Between Roco and Villanueva, it was what the latter stood for that I loved and related to more. To my mind, electing him into office would bring to government everything I most value: decency, a healthy self-esteem, a belief in individuals—and individual growth and transformation--as the basis and driving force of any country’s growth and transformation, thoughtfulness and introspection, an openness to new and unprecedented things (a willingness to step outside convention and conventional thought), independent thought, a commitment to go out there and do what needs to be done, sacredness, living or practicing what you preach but never requiring anyone else to believe in what you believe.

This has once again affirmed to me that the ties that really bind people go deep.
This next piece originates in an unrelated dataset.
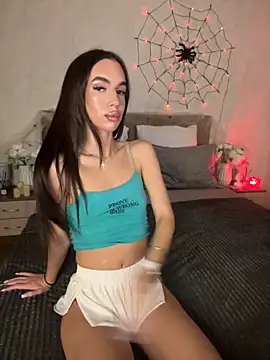 LuxBrunette- online show from October 24, 5:48 am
They go deeper than gender (I am a woman but I do not relate at all to our current woman president nor to the female vice presidential candidate of the US Republican party), than race (Barack Obama is African-American, so is Oprah Winfrey; Angelina Jolie, my girl, is white; yet I totally relate and connect to these people), than social and economic class (I’m middle-class and, obviously, the above three people are way out of my league in terms of economic status), than religious affiliation (I was raised Catholic, but the spiritual leader I most love, along with Pope John Paul II and Mother Teresa, is His Holiness the Dalai Lama). It’s shared valueand dreams and vision that most holds us together.

Politics, I believe, should be as intensely personal as that. 

 

2 comments:

Treksi said...

Hi Tweet, I am for Obama too! I really like that he dares to speak about the ‘human potential’. Anyone who makes me believe in my own ability to make a positive difference has my vote. Sana talaga he wins. :) Re Bro Eddie, wow. I lost faith in Philippine politics a long time ago, shortly after Roco’s (my president) passing. Pero this post has sparked a renewed interest in the man ha, is he running in 2010? :) Thanks Tweet, this was a nice read…

Tweet said...

Hi, Trix! I don't know if Eddie V is running--I hope so. The roster, so far, of presidentiables doesn't look too promising ;(. Kakainggit nga the Americans, eh, they have Barack ;). Galing nya, noh? ;) Read his book, you'll love him even more.